Ron Deibert, director of Citizen Lab at the University of Toronto's Munk School of Global Affairs & Public Policy, told ZDNet that the IOC's comments do not address the serious security vulnerabilities the organization discovered and reported.
"To date, the app vendor has not either. In fact, the app vendor has not responded at all to our vulnerability disclosure, and the latest version of the app, unfortunately, still includes the vulnerabilities," Deibert noted.
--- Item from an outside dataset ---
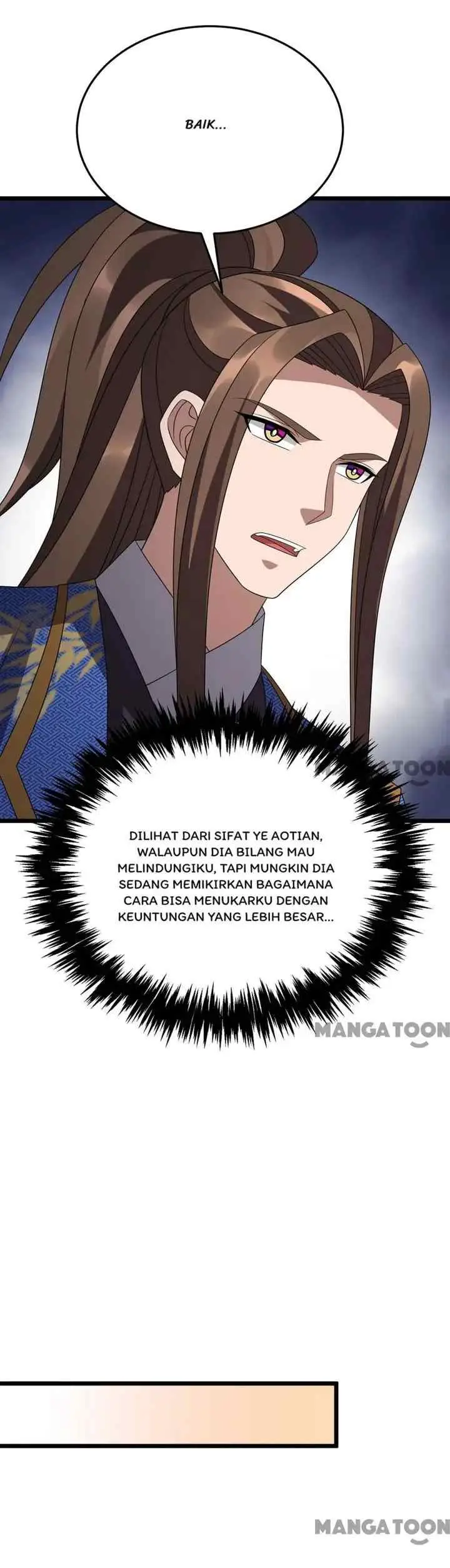 Dominate The Three Realms chapter 279 halaman 4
"The IOC has a responsibility to ensure user privacy and security is protected for any applications and systems used during the Olympic Games. The IOC's comments suggest that rather than taking that responsibility seriously, they are in fact hoping to minimize the risks."
Some experts said the vulnerabilities would also give criminal hackers a way to steal sensitive personal information. The Beijing 2022 organizing committee, however, told USA Today that personal information collected by Beijing 2022 "will not be disclosed unless the disclosure is necessary."
"Information of accredited media representatives will only be used for purposes related to the Olympic and Paralympic Winter Games," the Beijing 2022 organizing committee said.